This leaves only libSDL2-2.0.so.0 as a required library. Just copying the file into the same directory as our file won't work, though. By default, Linux doesn't look in the current directory (or the same directory as the current binary) for libraries. There are a couple of ways to work around this. The simplest one is to use the LD_LIBRARY_PATH environment variable. You can set this to a list of extra paths to search for libraries. Having a script that sets this and runs your game is one way of fixing the library problem:

#!/bin/sh
LD_LIBRARY_PATH=.:$LD_LIBRARY_PATH
./handmadehero
This is useful, as there are often other things you might want to do in such a script. On the other hand, it's quite an ugly solution, and requires the current directory to be set correctly (though you could always do that in the script). Another technique is to use the RPATH linker option. This embeds an extra search path for libraries into the executable. So, if we were to add -Wl,-rpath,'$ORIGIN' to our build path, it would search the same directory as the binary. The -Wl part lets gcc know that the next commands (separated by commas) should be passed to the linker. -rpath tells the linker that we want to embed a library path, and '$ORIGIN' is a special variable that expands to whichever directory the executable is in.

Compile again, and if we look with objdump at our new executable, there's a new header in the Dynamic Section

  RPATH                $ORIGIN
Our program will now try to read libraries from its own directory first. Sweet! One thing we might want to do, if we want to put our 32-bit and 64-bit binaries in the same directory is to give them each a different library directory. One way to handle this is to put the 32-bit libSDL2-2.0.so.0 file in an x86 directory, and give our 32-bit binary the $ORIGIN/x86 RPATH. Similarly, for 64-bit we can have an x86_64 directory and the $ORIGIN/x86_64 RPATH.

The Symbol Versioning Nightmare

If you try to run a program which was compiled against a newer version of the C runtime library than the one you have installed, you might get an error: version `GLIBC_2.15' not found This is because (along with a small number of other system libraries), the GNU C Library uses something called Symbol Versioning, which allows several different versions of functions to be included in the same library. The idea behind this is was to ensure that programs which relied on the older behaviour of functions would still work when linked against newer versions of the library. On the other hand, if our program wants to use newer versions than the ones installed, the program will quit with the above error.
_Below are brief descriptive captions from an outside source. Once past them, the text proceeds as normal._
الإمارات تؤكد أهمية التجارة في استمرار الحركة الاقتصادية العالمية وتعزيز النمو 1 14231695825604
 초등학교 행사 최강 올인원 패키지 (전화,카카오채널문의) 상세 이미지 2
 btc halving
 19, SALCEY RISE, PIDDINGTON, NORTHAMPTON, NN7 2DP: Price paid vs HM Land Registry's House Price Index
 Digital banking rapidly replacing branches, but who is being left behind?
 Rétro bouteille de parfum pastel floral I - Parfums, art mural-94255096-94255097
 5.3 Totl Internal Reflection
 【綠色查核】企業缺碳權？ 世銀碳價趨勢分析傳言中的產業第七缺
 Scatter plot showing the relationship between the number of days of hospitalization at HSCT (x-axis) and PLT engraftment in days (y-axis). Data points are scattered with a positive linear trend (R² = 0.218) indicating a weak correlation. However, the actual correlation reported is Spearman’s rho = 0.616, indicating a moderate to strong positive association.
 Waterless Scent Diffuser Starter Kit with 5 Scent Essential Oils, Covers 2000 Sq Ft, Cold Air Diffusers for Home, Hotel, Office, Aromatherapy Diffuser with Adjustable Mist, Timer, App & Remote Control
We can check what symbol versions are used with objdump -p as well: they're found under the Version References header:

Version References:
  required from libm.so.6:
    0x09691a75 0x00 04 GLIBC_2.2.5
  required from libc.so.6:
    0x06969194 0x00 05 GLIBC_2.14
    0x0d696914 0x00 03 GLIBC_2.4
    0x09691a75 0x00 02 GLIBC_2.2.5
These days, you're usually safe with requiring functions tagged GLIBC_2.15 or earlier, so we're okay for now. We have to keep checking, though, as it's entirely possible we'll call functions with newer versions later. Let's look at how we would work around the problem.

Basically, we'll need to compile against the old symbol versions. The easiest way to do this is just to install and use an old distro. That's a bit of a pain, though, so we often will either install it in a chroot or create a custom cross-compiler.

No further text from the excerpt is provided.